Filed under A humorous life

5 responses to “Conversation and precious laughter

  1. Very well done. Your writing style paints pictures I can visualize. Good job.

  2. I feel your pain…I can NEVER remember the movie quote in time to put it into the conversation. This is a great piece. Another great one for laughter is Scribblish…I think that’s my favorite. You draw a picture on a strip of paper, then the next person captions it…then passes it on (after covering the picture) and the third person draws a picture to go with the caption, then covers the caption and the next person captions the just-drawn picture, and so on. It’s wildly hilarious.

  3. Absolutely loving reading your posts Jo! Keep up the craftiness:)

  4. I enjoy a good belly laugh, doubled over, laughing at something funny or stupid or entertaining. Usually I laugh at myself as I am very clumsy and trip over my own shadow.

    Two movies, with funny scenes, always stay with me.
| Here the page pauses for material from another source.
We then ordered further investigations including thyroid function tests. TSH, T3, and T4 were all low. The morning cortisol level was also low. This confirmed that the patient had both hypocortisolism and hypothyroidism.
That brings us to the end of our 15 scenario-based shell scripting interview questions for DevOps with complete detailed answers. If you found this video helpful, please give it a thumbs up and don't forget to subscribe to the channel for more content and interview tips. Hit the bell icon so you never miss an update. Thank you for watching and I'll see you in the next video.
    Porky’s – the Movie. The scene where the head sports mistress has seen the tallywacker through the hole in the girls toilets. This scene always makes me laugh so hard. Picture this.

    “The male gym teachers are all in an office and the head gym teacher walks in. She says she wants the male teachers to do a line up of all the boys so she can identify the tallywacker she saw, as it has a mole on it. As she talks the male gym teachers all start to laugh, so hard they are rolling on the floor in fits of laughter.”
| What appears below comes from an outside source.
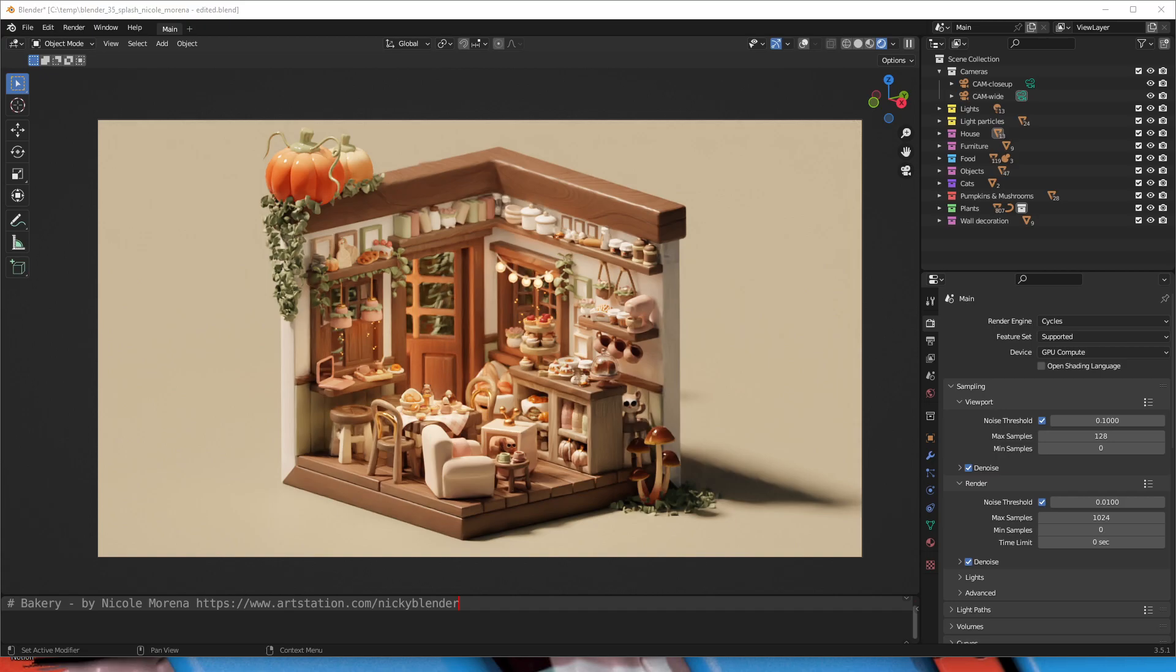Welcome to this quick tutorial on a Blender to After Effects workflow. If you're watching this video, you probably realize that when you export EXR files from Blender, they don't contain the color management data.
    Now that is a good belly laugh, when you fall on the floor laughing. When I saw this move at the pictures (showing my age here I actually saw this movie on the big screen) we were laughing so hard during this scene, that we couldn’t hear the dialogue on the screen.

    The other movie that also stays with me, for a good laugh, is Caddyshack. The scene. The log in the swimming pool.

    “The scene starts with all the children swimming in the pool at the golf course. Suddenly you hear jaws music – boom boom boom boom – and then you see an ominous brown object floating in the water towards the children. Children and adults start screaming and there is a mass evacuation of the pool.
    In the next scene the pool is empty of water, and the brown object lies on the bottom of the pool. The janitor is in the pool, at the bottom, and he’s dressed up in a white suit. He walks towards the object, picks it up, takes off his spacesuit helmet, sniffs the object, then takes a bite of the chocolate bar that some child dropped into the pool. And a lady watching the scene faints.”

    My friend and I could not stop laughing, and when we stopped laughing we would look at each other and double over laughing again. Laughter really is the best medicine.